Lamb’s favorite story from the war and the namesake for “Orange Socks” centers on his difficulty assimilating into daily Navy life. 

Inspection for Lamb was never easy. He would get some of the components right, but the next week his shoes wouldn’t be polished enough or his belt buckle would be dull. 

“It was like a Rubik’s Cube. I couldn’t get all the pieces to fit,” he said. 

Until one day, three and a half years in, Lamb witnessed something he’d never forget.

“I’m getting ready for inspection and I see a guy in his laundry and he’s taking things out so carefully,” Lamb said. “He had a pair of shoes he only used for inspections, he had a belt buckle he only used for inspections, he had a hat he only used for inspections and I said, ‘What’s all that stuff?’ and he said, ‘Well, that’s my inspection gear.’ So I thought, ‘Well why didn’t I get the memo?”

Lamb said that was the moment he was transformed. 

“We had a huge inspection in the hangar the next week and whoever the admiral or commander was came in.

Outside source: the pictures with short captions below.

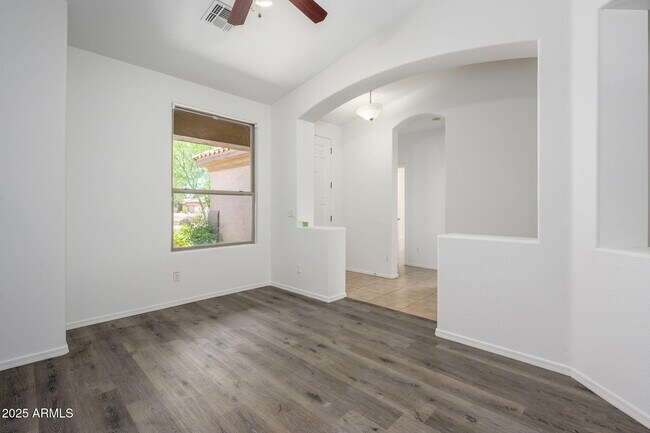 Building Photo - 3816 S Nantucket Dr
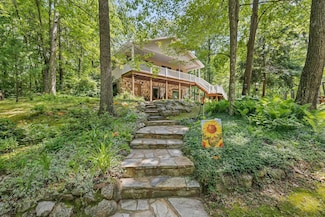 10801 N Pine Grove Rd, Vestaburg, MI 48891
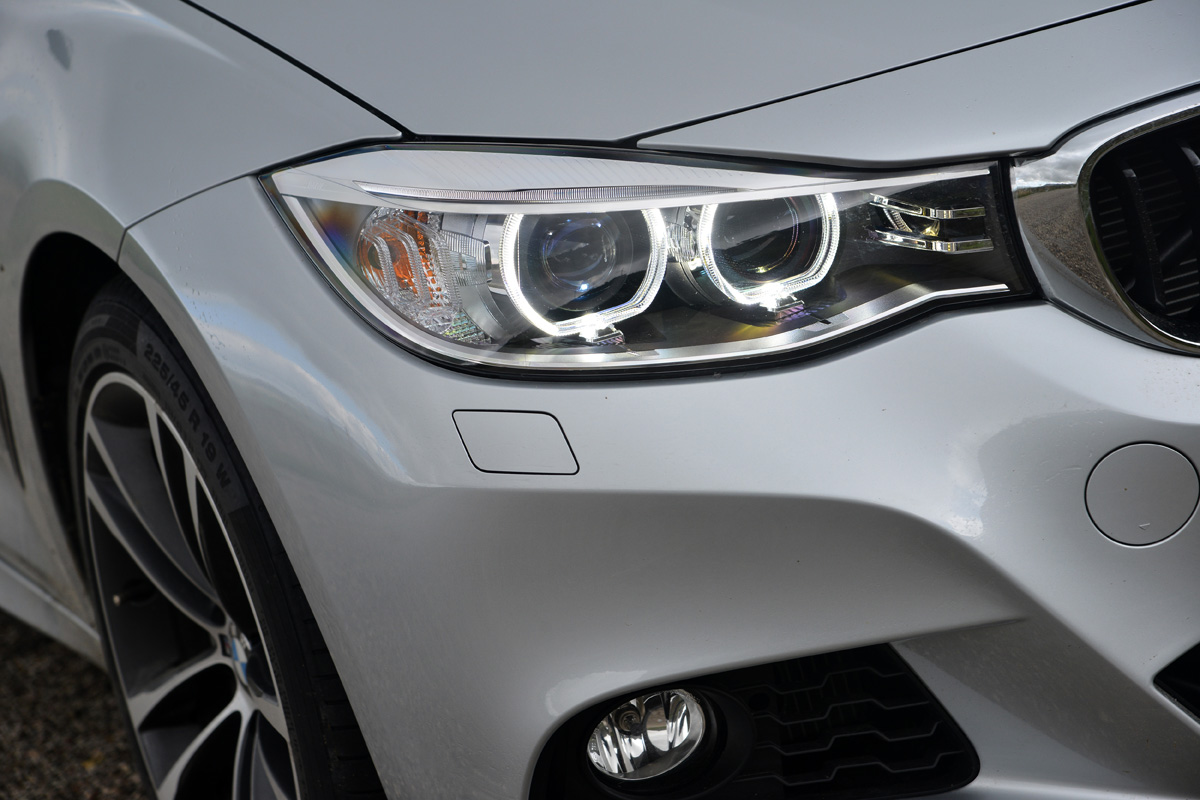 BMW 335i GT headlight
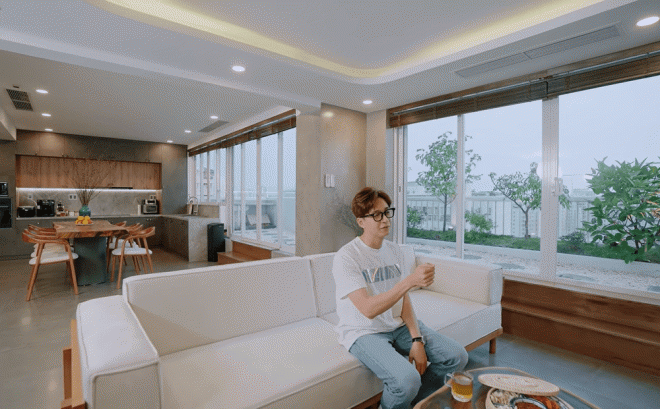 Qua đoạn video giới thiệu, khán giả không khỏi xuýt xoa trước độ hoành tráng của cơ ngơi mới mà Ngô Kiến Huy sở hữu. Ảnh chụp màn hình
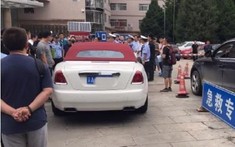 "Bà bầu" lái Rolls-Royce Dawn mui trần đắt đỏ đỗ chắn ngay lối xe ra vào của bệnh viện gây tranh cãi
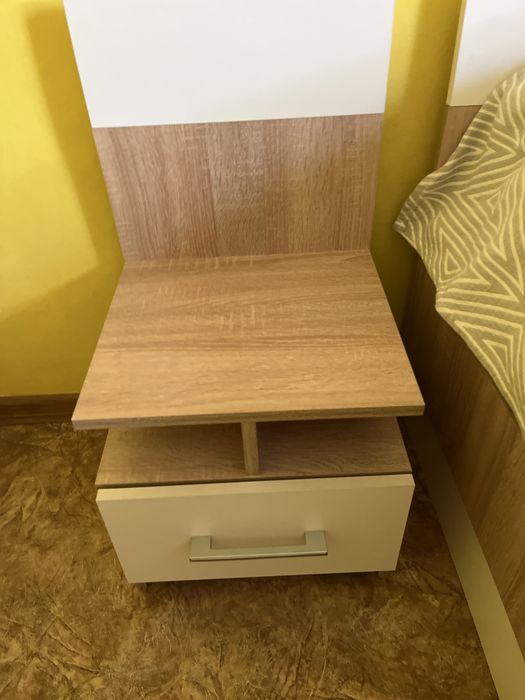Продам спальный гарнитур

We had sailors lined up on one side. The middle was open for planes, and sailors on the other side,” he said. “So this guy comes in with his entourage and they look you up and down and up and down.”

Lamb said it is embarrassing his favorite story involves a prank. 

“I was wearing orange socks because I’d never seen an inspection where they checked your socks. So, imagine this entourage going by me, and I pull up my pant leg so that the other guys (across the hangar) could see my socks,” he said. “I held it up for several seconds and all you could hear were the guys on the other end of the hangar laughing and it carried with the echo.”

“So the entire entourage stopped, and I’m sitting there like the cat who ate the canary. By the time they started checking out where the laughter was coming from I had left the hangar,” he said.

Lamb said that is his favorite story because it reflects how far he has grown in his life and that his sense of humor was not lost during the war. The short stories also help him understand the most important things he learned from Vietnam. 

“(What) I learned in boot camp is, hurry up and wait,” he said. “That’s kind of what life is like. I didn’t understand that when I was young. You say, ‘God, I want patience and I want it now.’”  

Lamb also wants young people to know that individuality is important, but conforming is not always a bad thing. 

“You can conform to be part of a team and still maintain enough of your identity that you don’t lose yourself,” he said. “What I learned from the Navy was you will meet the smartest and best people of your life in the military and you will meet some of the dumbest and most rotten people in your life in the military. From the outside they all look the same, but it’s getting to know the person inside the uniform that really makes life interesting.”

Lamb’s book can be found on his website, jslstories.com, along with links for veterans to seek help in all aspects of their life.